That wound shaped how I show up — in my work, in my voice, in my relationships, and in how I navigate being seen. But now that I’ve met that part of myself, in my body — not just in my mind — I carry a new awareness. I move through life with a softer lens. I see my triggers differently now. I don’t need to make them wrong or try to push them away. I know where they come from and that the person or situation that actually triggered me is not the issue at hand. I can now pause in those moments, be an observer, and ask: What does the little girl inside of me need right now? And I can actually give it.
I felt the consciousness I absorbed from my mother move through me during a very gentle breathwork session— not in chaos, but in quiet knowing.

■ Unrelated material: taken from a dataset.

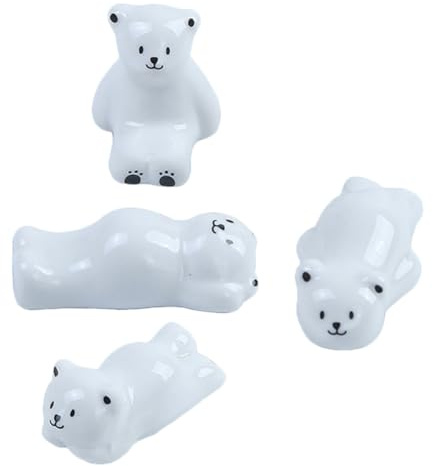 HOMSFOU 4pcs Ceramic Cartoon White Bear Chopstick Holder Rest Set for Dining Table, Cute Porcelain Spoon and Fork Rests, Kitchen Utensil Stand for Home and Restaurant Use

I saw my newborn-self being held by my parents and a wave of her subconscious consuming me - her deep sense of instability, her longing for safety, and her struggle to believe in herself — I took it all on without realizing it when I was only seconds old. These patterns shaped how I moved through the world. I inherited her uncertainty, her self-doubt, not because she wanted that for me, but because we share a consciousness. This awareness arrived to me during breathwork, in my body, not my mind. Breathwork has helped me meet those inherited patterns with compassion instead of judgment — to witness what was never truly mine and begin to let it go. That’s power.

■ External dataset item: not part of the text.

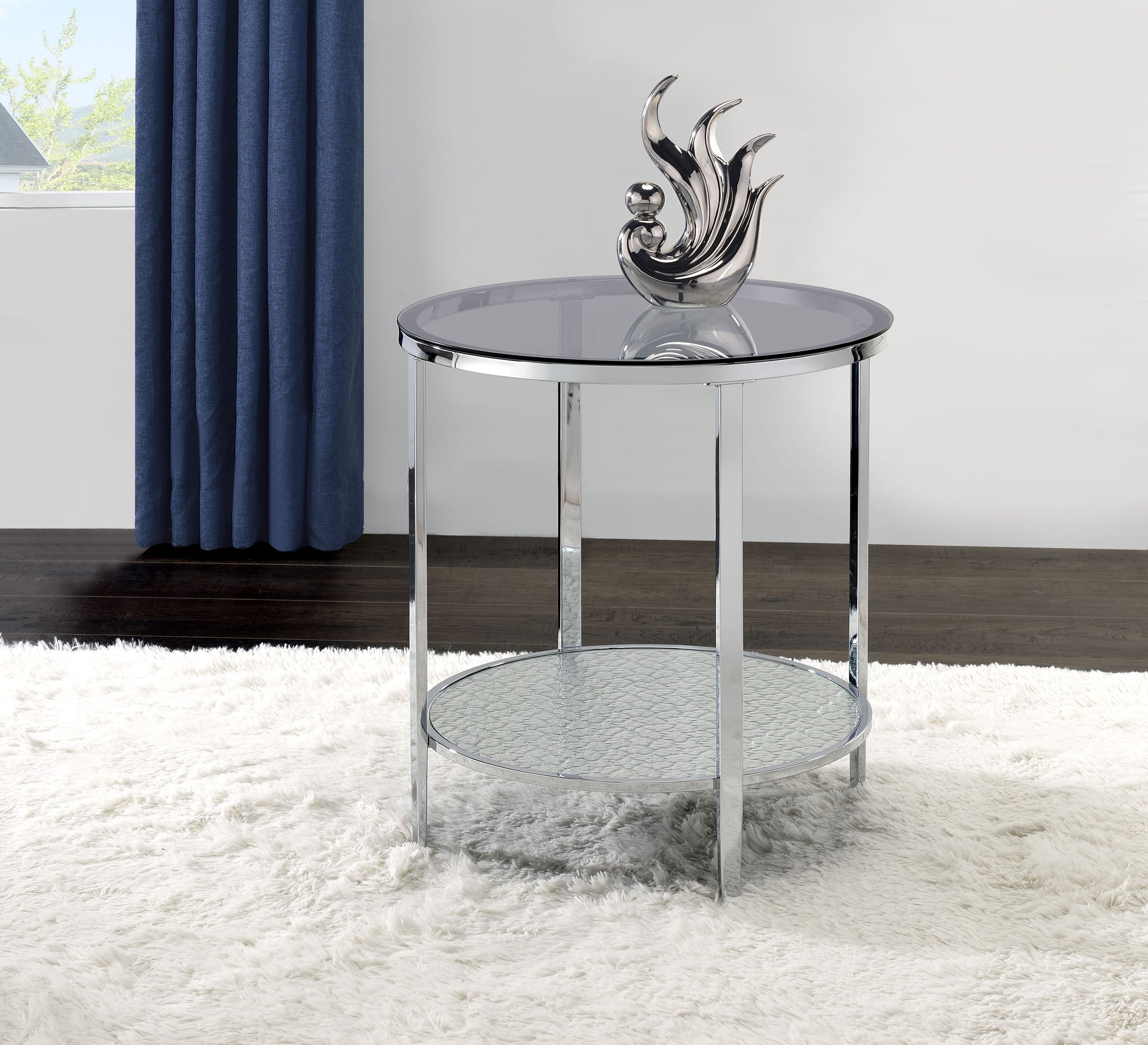 Frostine Side Table Silver Silver Metal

This is what gentle breathwork has taught me. It doesn’t force transformation — it invites it. It doesn’t demand you crack open — it lets you softly open.

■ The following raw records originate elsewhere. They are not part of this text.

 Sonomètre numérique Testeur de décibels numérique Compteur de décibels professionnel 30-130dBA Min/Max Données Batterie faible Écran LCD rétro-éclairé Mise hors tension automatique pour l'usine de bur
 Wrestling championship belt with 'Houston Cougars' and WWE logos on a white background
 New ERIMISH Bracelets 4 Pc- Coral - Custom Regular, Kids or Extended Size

It creates a safe and spacious container for the subconscious to speak. When the body is calm and the breath is soft, the nervous system shifts out of survival mode — and that’s when deeper truths begin to rise. In this state, old beliefs, memories, and emotional imprints can surface in a way that feels manageable, not overwhelming. Patterns that were once hidden become easier to witness with compassion. Over time, this gentle approach allows us to rewire old narratives, release stored tension, and access the wisdom that’s been living beneath the surface all along.
Not every healing moment has to be big or loud.
Sometimes, the breath that barely makes a sound is the one that carries you home.